INSTRUCTIONS FOR THE TASK |
Your answer should hold only the lines from the start of the data below through the line with "Letto a scomparsa", copied exactly, with pictures left out.

Stored items |
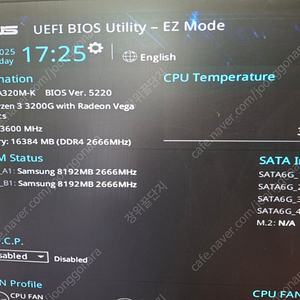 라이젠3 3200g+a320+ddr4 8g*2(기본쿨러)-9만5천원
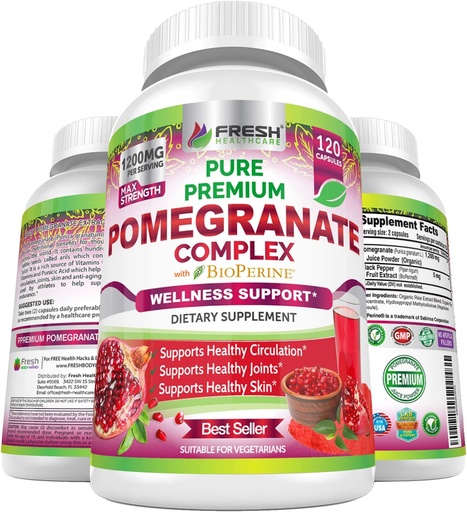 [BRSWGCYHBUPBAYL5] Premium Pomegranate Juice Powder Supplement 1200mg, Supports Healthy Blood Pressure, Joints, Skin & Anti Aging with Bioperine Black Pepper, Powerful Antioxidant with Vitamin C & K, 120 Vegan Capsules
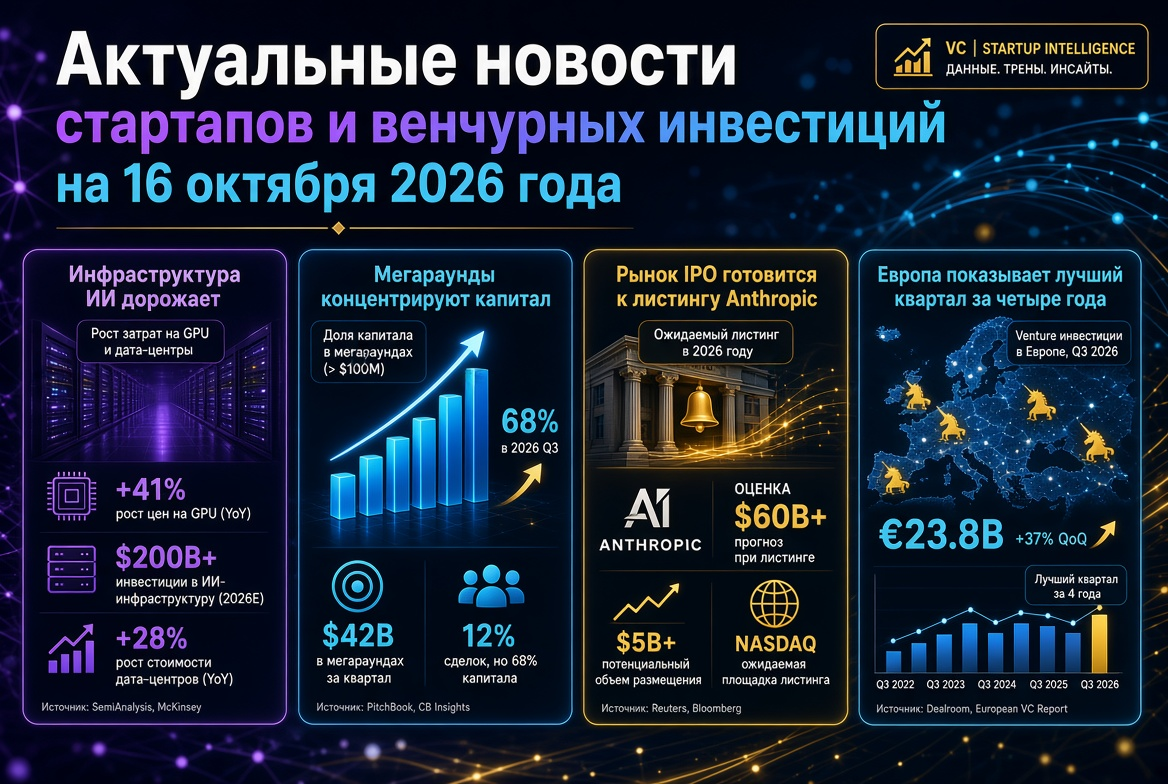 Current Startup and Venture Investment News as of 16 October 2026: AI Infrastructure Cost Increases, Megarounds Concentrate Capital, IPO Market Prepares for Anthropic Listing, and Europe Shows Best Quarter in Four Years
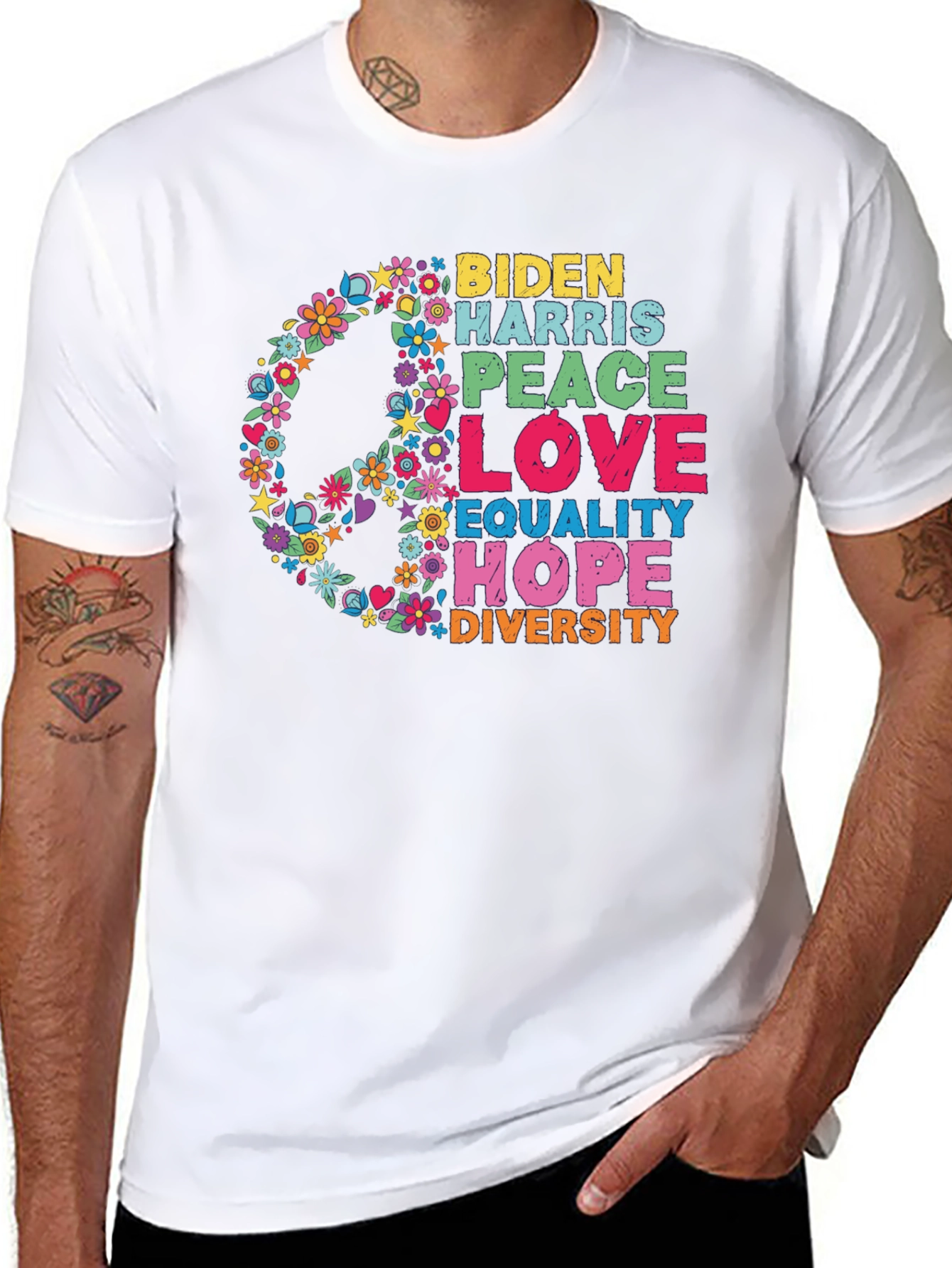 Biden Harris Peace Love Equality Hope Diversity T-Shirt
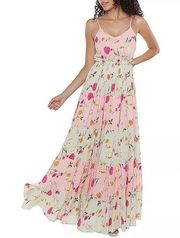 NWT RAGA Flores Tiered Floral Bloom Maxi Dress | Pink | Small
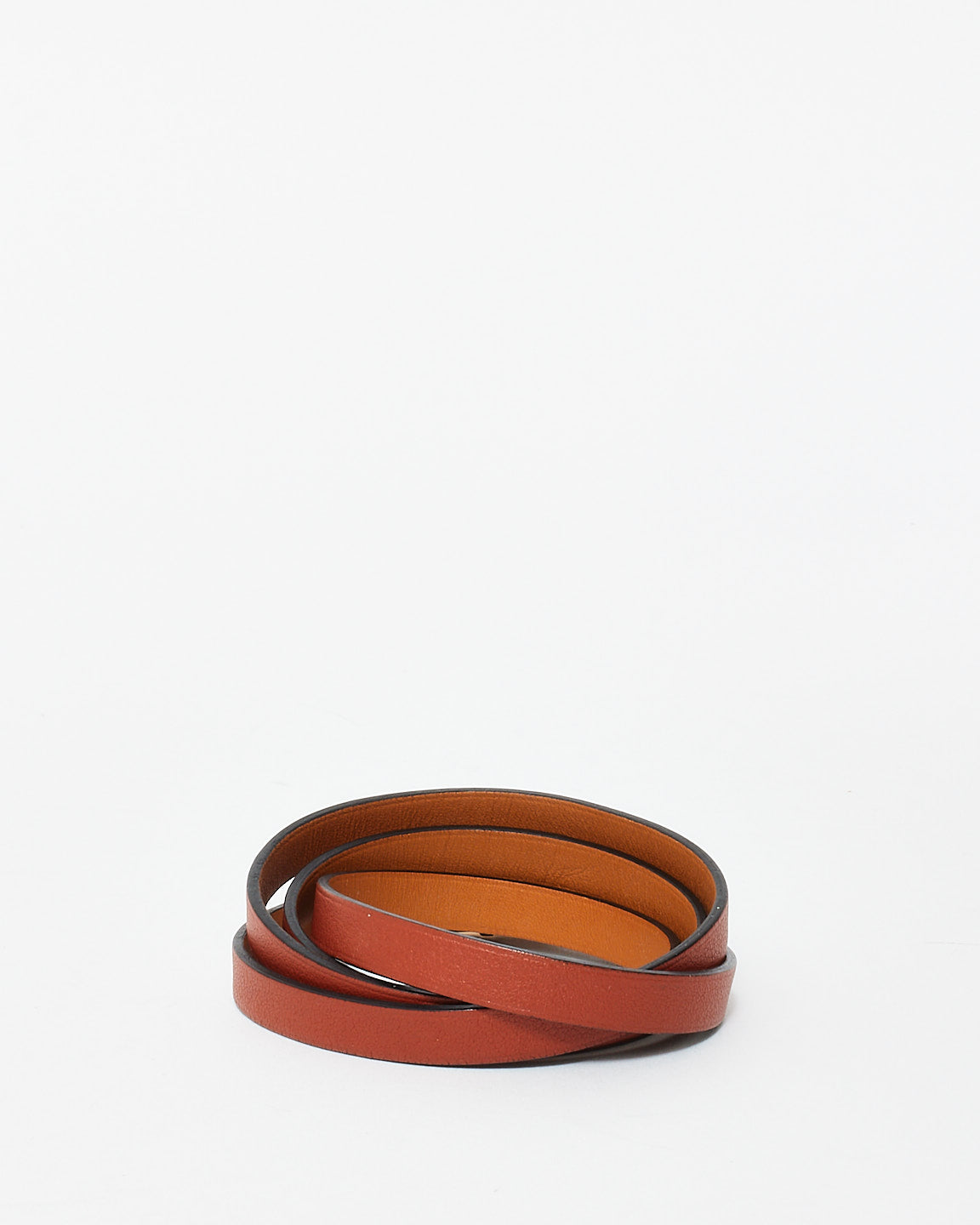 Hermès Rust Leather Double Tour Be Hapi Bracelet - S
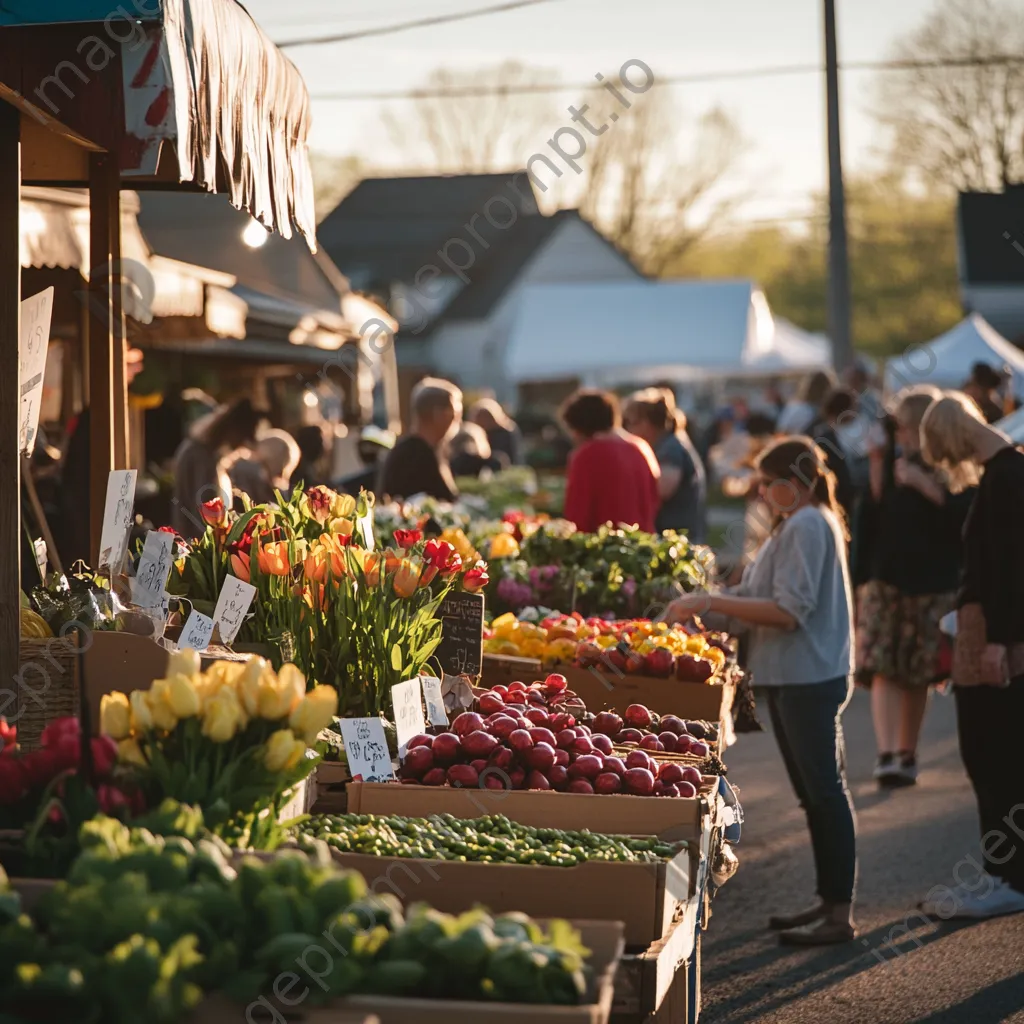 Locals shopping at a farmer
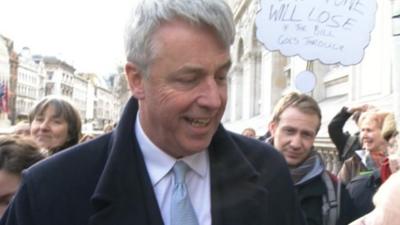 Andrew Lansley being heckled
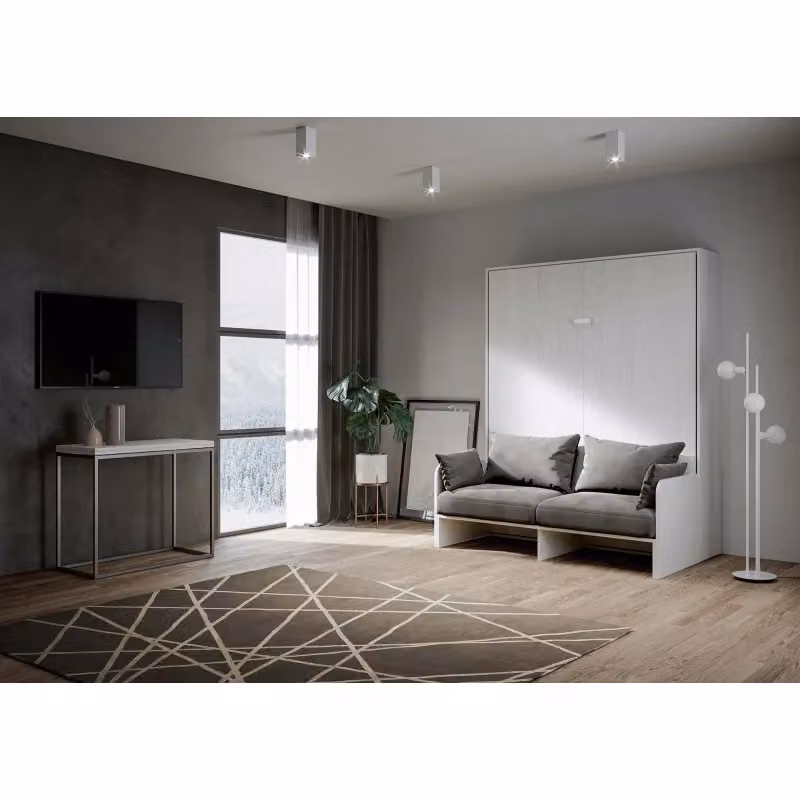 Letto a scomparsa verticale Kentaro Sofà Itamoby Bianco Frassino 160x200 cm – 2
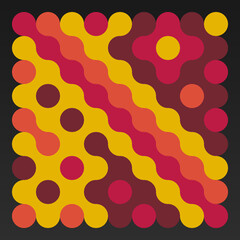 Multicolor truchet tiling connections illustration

RESPONSE TO THIS TASK |
 라이젠3 3200g+a320+ddr4 8g*2(기본쿨러)-9만5천원
 [BRSWGCYHBUPBAYL5] Premium Pomegranate Juice Powder Supplement 1200mg, Supports Healthy Blood Pressure, Joints, Skin & Anti Aging with Bioperine Black Pepper, Powerful Antioxidant with Vitamin C & K, 120 Vegan Capsules
 Current Startup and Venture Investment News as of 16 October 2026: AI Infrastructure Cost Increases, Megarounds Concentrate Capital, IPO Market Prepares for Anthropic Listing, and Europe Shows Best Quarter in Four Years
 Biden Harris Peace Love Equality Hope Diversity T-Shirt
 NWT RAGA Flores Tiered Floral Bloom Maxi Dress | Pink | Small
 Hermès Rust Leather Double Tour Be Hapi Bracelet - S
 Locals shopping at a farmer
 Andrew Lansley being heckled
 Letto a scomparsa verticale Kentaro Sofà Itamoby Bianco Frassino 160x200 cm – 2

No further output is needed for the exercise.